LAUSR

Microglia are rapidly activated following ischaemic stroke and participate in the induction of neuroinflammation, which exacerbates the injury of ischaemic stroke. However, the mechanisms regulating ischaemic microglia remain unclear. In the present study, middle cerebral artery occlusion and oxygen and glucose deprivation models were established for in vivo and vitro monitoring of experimental stroke. We applied recombinant human thioredoxin‐1 (rhTrx‐1) and Necrostatin‐1 (Nec‐1, inhibitor of RIPK1) to examine the role of receptor‐interacting protein kinase 1 (RIPK1) in the development of inflammation in ischaemic microglia via explored the inflammatory responses and the associated mechanisms. Molecular docking results indicated that rhTrx‐1 could directly bind to RIPK1. In vivo and vitro data revealed that rhTrx‐1 reduced necroptosis, mitochondrial membrane potential damage, reactive oxygen species accumulation and NLR Family, pyrin domain‐containing 3 protein (NLRP3) inflammasome activation and regulated the microglial M1/M2 phenotypic changes by inhibiting RIPK1 expression in ischaemic microglia.

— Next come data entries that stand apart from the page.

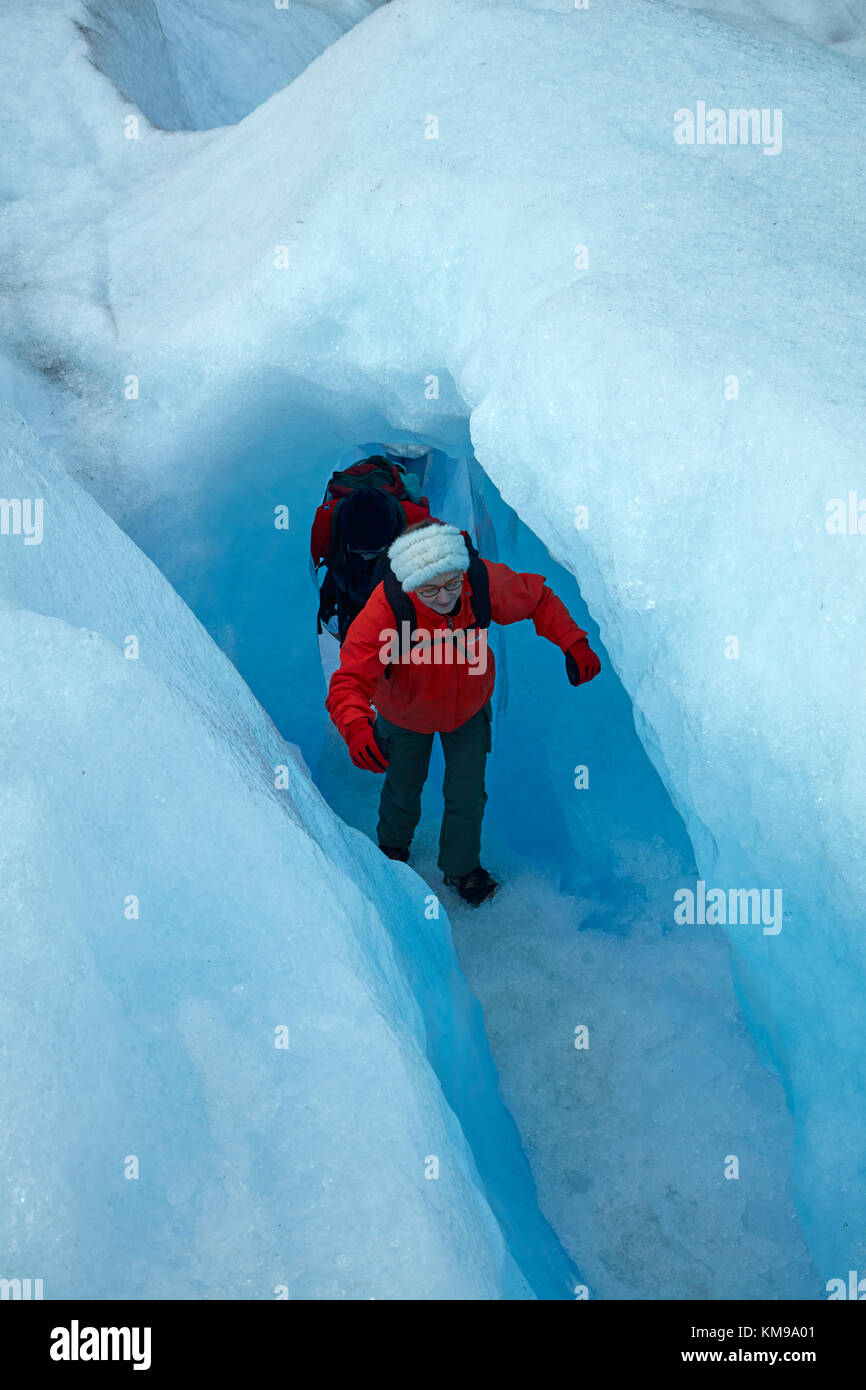 Wanderer in der Eishöhle, Perito Moreno Gletscher, Parque Nacional Los Glaciares (World Heritage Area), Patagonien, Argentinien, Südamerika Stockfoto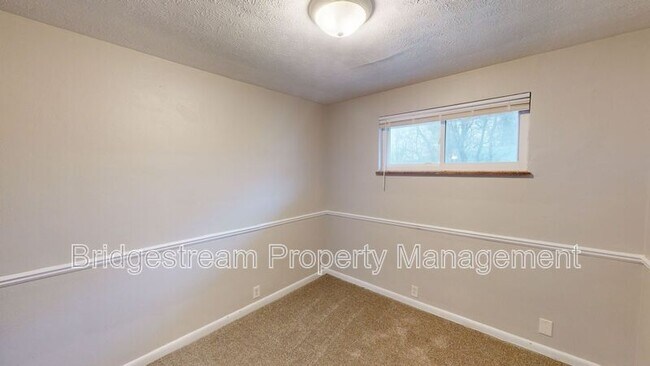 Building Photo - 4246 Lyndell Dr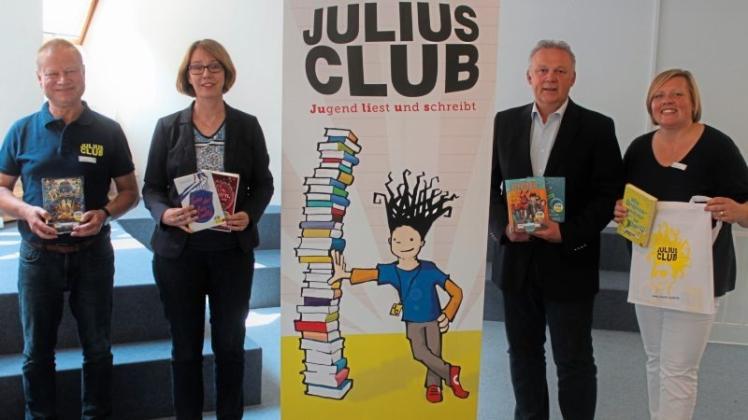 Auf den Start des Julius-Club am Donnerstag freuen sich Bibliotheksleiter Josef Lüken, Kulturdezernentin Monika Schwegmann, VGH-Regionaldirektor Ralf Wagemann und Bibliothekarin Simone Knocke. 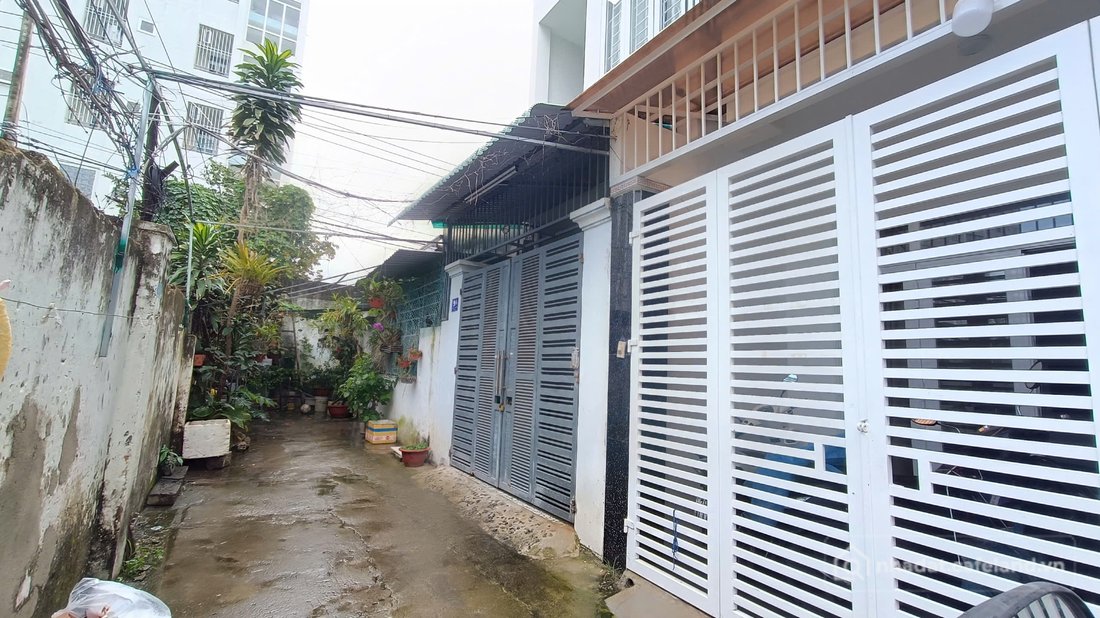 Bán đất thổ cư: Bán đất 93.8m² ngang 7m giá 9.3 tỷ tại Phường Lộc Thọ Thành phố 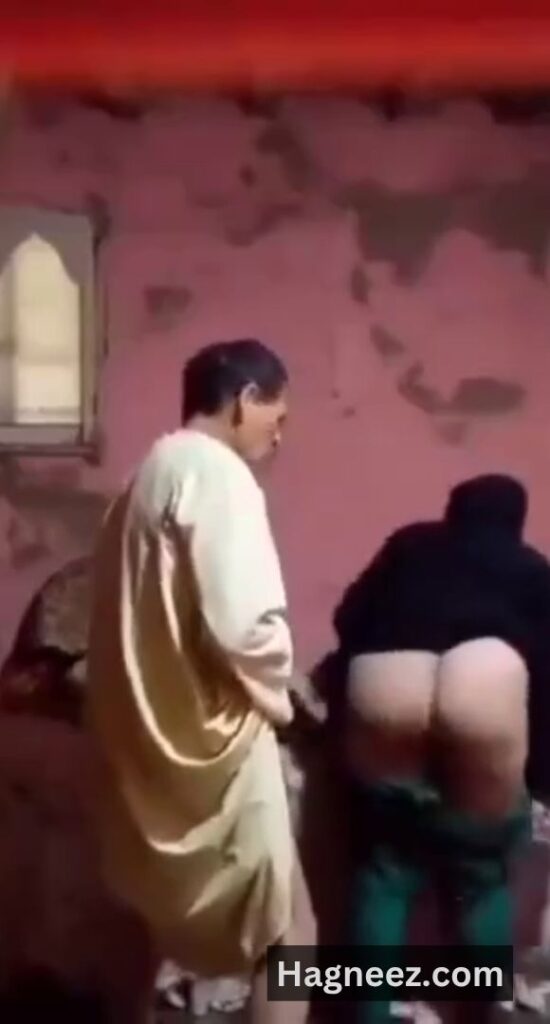 abbu ne beti ko choda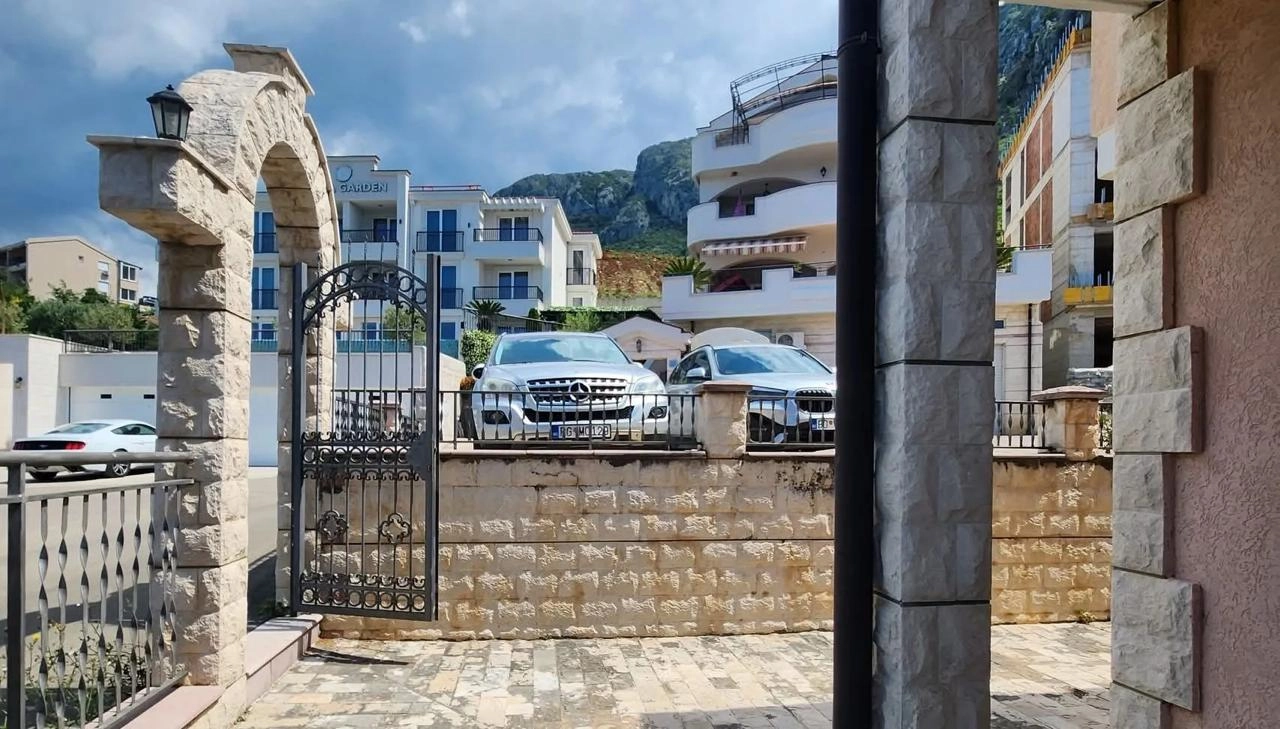 Kuca-sa-apartmanima-i-pogledom-na-more-Blizikuce-Budva-9 Kuća 145 m² – Blizikuće, Budva — fotografija 10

Consistent with these findings, further in vivo experiments revealed that rhTrx‐1 treatment attenuated cerebral ischaemic injury by inhibiting the inflammatory response. Our data demonstrated the role of RIPK1 in microglia‐induced neuroinflammation following cerebral ischaemia. Administration of rhTrx‐1 provides neuroprotection in ischaemic stroke‐induced microglial neuroinflammation by inhibiting RIPK1 expression.